A presentation to the Mass Public Opinion Institute’s (MPOI) Public Seminar, Thursday 26 September 2013, New Ambassador Hotel, Harare, Zimbabwe.
By Takura Zhangazha*
Let me begin by expressing my gratitude, as always to MPOI for inviting me to participate in this important debate concerning the future of opposition politics in Zimbabwe. As the title of the matter to be debated openly implies, it is a future that is being considered particularly in the aftermath of the July 31 2013 harmonised election. The reasons why the question is relevant relates to two things.
Firstly that the political opposition in Zimbabwe, which historically was at its strongest since 1999 and particularly in 2008, seems to be on the back foot. Assumptions of an inevitable victory or alternatively, movement from opposition to ruling party status appear to have been quashed by the disputed but politically accepted result of our most recent national election. Secondly, the issue of the status of the opposition and its future is emerging not only in relation to the existence of the mainstream opposition , the Movement for Democratic Change (MDC-T), but as a generalized query as to whether there can be a viable, vibrant and potentially election winning opposite end of Zanu Pf in Zimbabwe.
Both considerations will evoke political emotion in many an opposition party supporter. Some who may not want to have all their sacrifices appear to have come to naught will defend to the hilt the current mainstream political opposition parties. It is an understandable reaction to any attempts to seek to analyse the reasons for the current state of affairs in the opposing political parties. Others who are sympathetic to the ruling party will argue that where the opposition finds itself now is a political tragedy of its own making.
They will over analyze the weaknesses of the mainstream opposition and claim that it was not grounded in the people. Or alternatively that it did not campaign adequately for the hearts and minds of the masses. This is also an understandable assertion given the right of every Zimbabwean to an opinion even if it is a biased one.
A departure point however would be to assess the opposition politics with an understanding that it will always exist in Zimbabwe and that it will not always be victorious. In fact the key issue is that there must always be an opposition to whatever government in power, not only in order for the replacement of the latter but also for critical and popular oversight. So I must make this particular point with emphasis. The opposition does not exist solely for the purposes of power acquisition, except only in cases where it claims to be leading a revolution, particularly in the short term.
The opposition in Zimbabwe has never laid claim to leading a revolution. It has talked of democracy, the struggle, but not revolution. And therefore, it has fundamentally been a collection of those that oppose not in order to transform Zimbabwean society, but to replace those in power. This has been a key characteristic of the mainstream opposition since independence and it is not a bad thing in and of itself.
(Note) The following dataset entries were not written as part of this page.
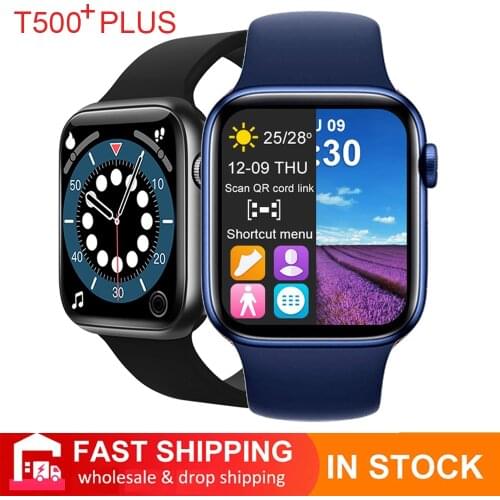 T500+ Plus Smart Watch 2021 1.75" HD IWO 13 MAX Bluetooth Calls Custom Wallpaper Heart Rate Monitor Sport Smartwatch PK W26 W46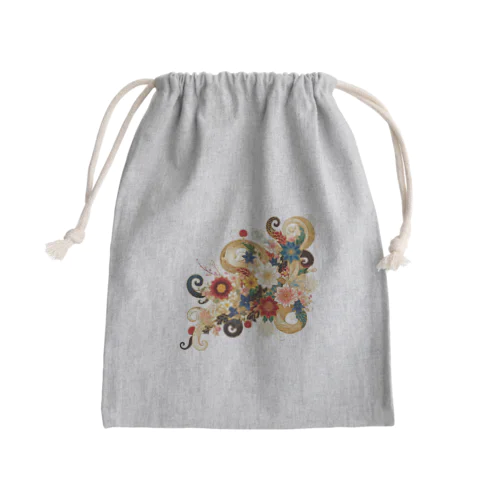 唐草と花 Mini Drawstring Bag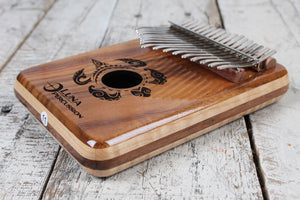 Luna Honu Koa 17 Key Kalimba Key of C with Case and Tuning Hammer LPK HONU 17C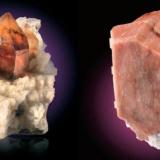 Left: Albite, Microcline and Quartz (variety smoky Quartz)
10cm high.

Right: Karlsbad law
3 cm high. (Author: Joan R.)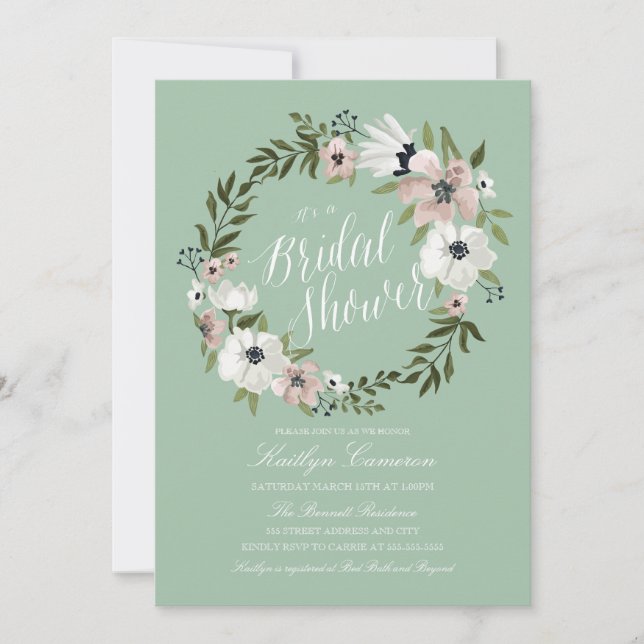 Lovely Floral Wreath- Bridal Shower Invitation (Front)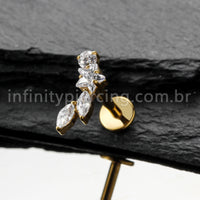 Piercing Labret Titânio Cluster Zircônia Cravejada
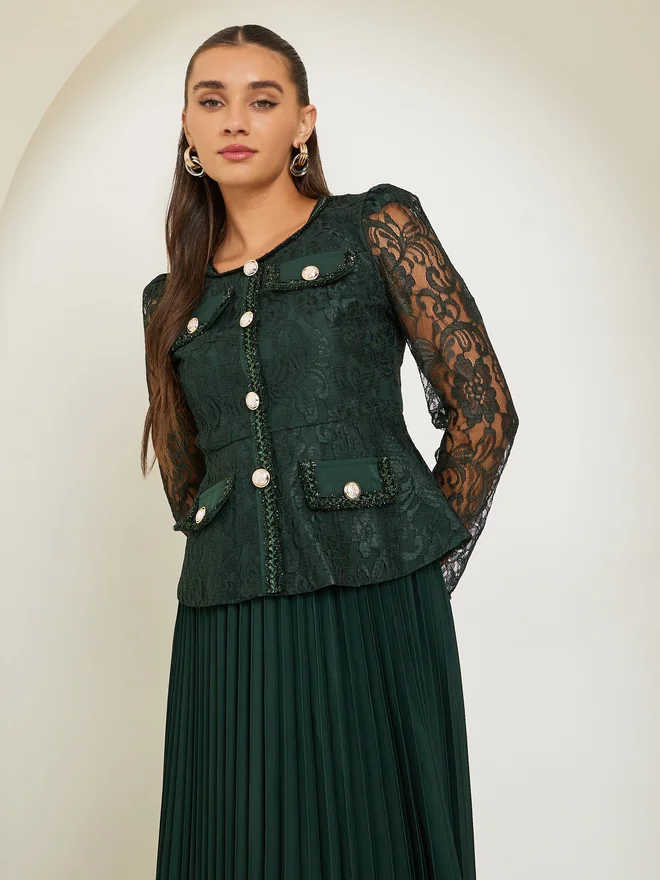 ستايلي Styli Dark Green Lace Top and Pleated Skirt Co-ords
The only problem that this tendency has faced is that of the long incumbency of the ruling party and its claim to be a revolutionary which in its own reasoning makes it somewhat unassailable.
This has regrettably led to the contemporary opposition in Zimbabwe taking the well trodden path of them versus us and no other particularly issue to oppose each other about.
It is an analysis that some will refute to the extent of bringing out manifestos to try and offer or prove themselves as an alternative. The truth of the matter is that the lived political realities on the ground indicate that the practices and strategies of the parties are all too similar. That is why for example, the patronage component appeared to have triumphed in the last elections with allegations of vote buying being placed before the Electoral Court.
In order to elaborate further, I will use the famous phrase from George Orwell’s Animal Farm novel. In relation to lived political experiences of the masses of Zimbabwe over and about political opposition and ruling parties, the most apt line would be “The creatures outside looked from pig to man, and from man to pig, and from pig to man again; but already it was impossible to say which was which.”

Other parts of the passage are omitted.